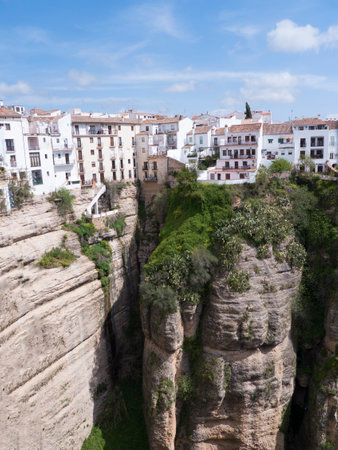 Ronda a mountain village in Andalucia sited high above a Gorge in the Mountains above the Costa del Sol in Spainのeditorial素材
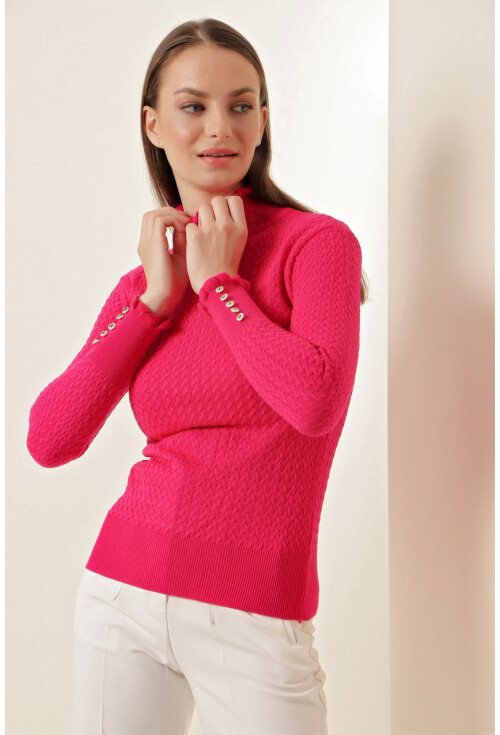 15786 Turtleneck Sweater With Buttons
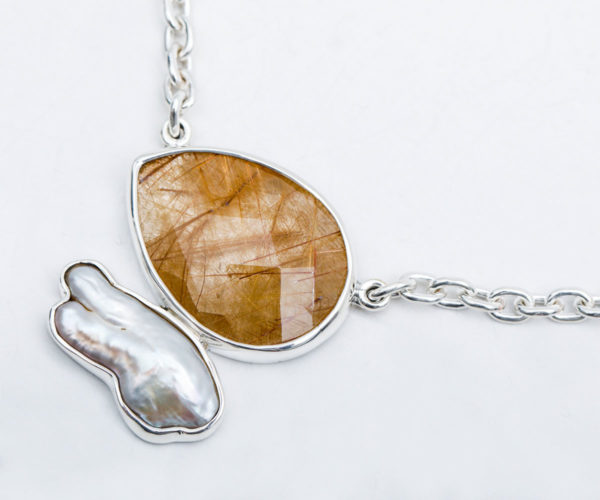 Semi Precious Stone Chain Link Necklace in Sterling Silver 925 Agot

...

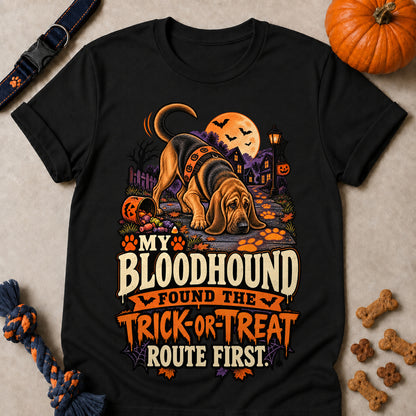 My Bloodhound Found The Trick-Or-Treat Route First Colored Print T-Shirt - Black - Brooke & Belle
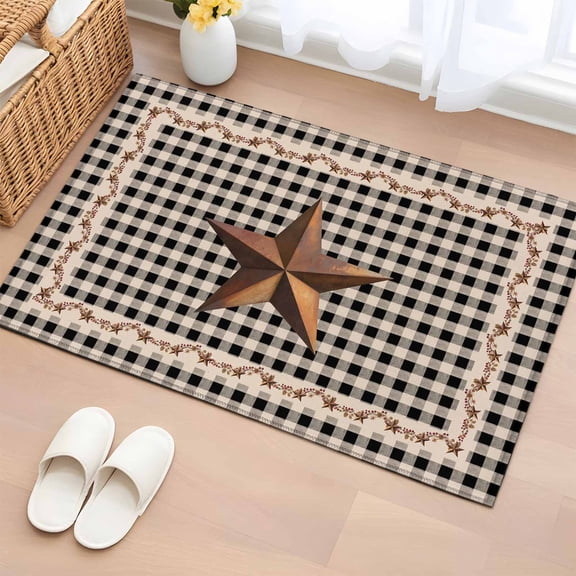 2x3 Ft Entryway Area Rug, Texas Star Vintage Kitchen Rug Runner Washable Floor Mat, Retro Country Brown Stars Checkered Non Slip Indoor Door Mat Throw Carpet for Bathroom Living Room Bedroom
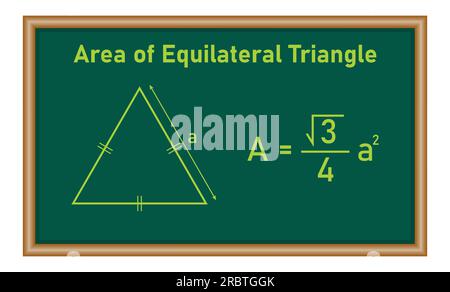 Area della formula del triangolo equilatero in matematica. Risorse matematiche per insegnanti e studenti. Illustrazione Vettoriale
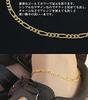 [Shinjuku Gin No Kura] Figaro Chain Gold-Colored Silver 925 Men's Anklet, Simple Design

==

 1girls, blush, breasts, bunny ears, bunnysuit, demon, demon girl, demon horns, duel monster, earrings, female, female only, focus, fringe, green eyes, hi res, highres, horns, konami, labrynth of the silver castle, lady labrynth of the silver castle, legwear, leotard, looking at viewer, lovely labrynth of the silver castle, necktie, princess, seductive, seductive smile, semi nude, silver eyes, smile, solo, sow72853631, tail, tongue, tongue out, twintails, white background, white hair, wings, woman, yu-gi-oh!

What the exercise asks: Reproduce exactly, with no pictures, the lines above from the one holding "15786 Turtleneck Sweater With Buttons" to the one holding "Semi Precious Stone", inclusive.

Solution to the exercise:
 15786 Turtleneck Sweater With Buttons
 Semi Precious Stone Chain Link Necklace in Sterling Silver 925 Agot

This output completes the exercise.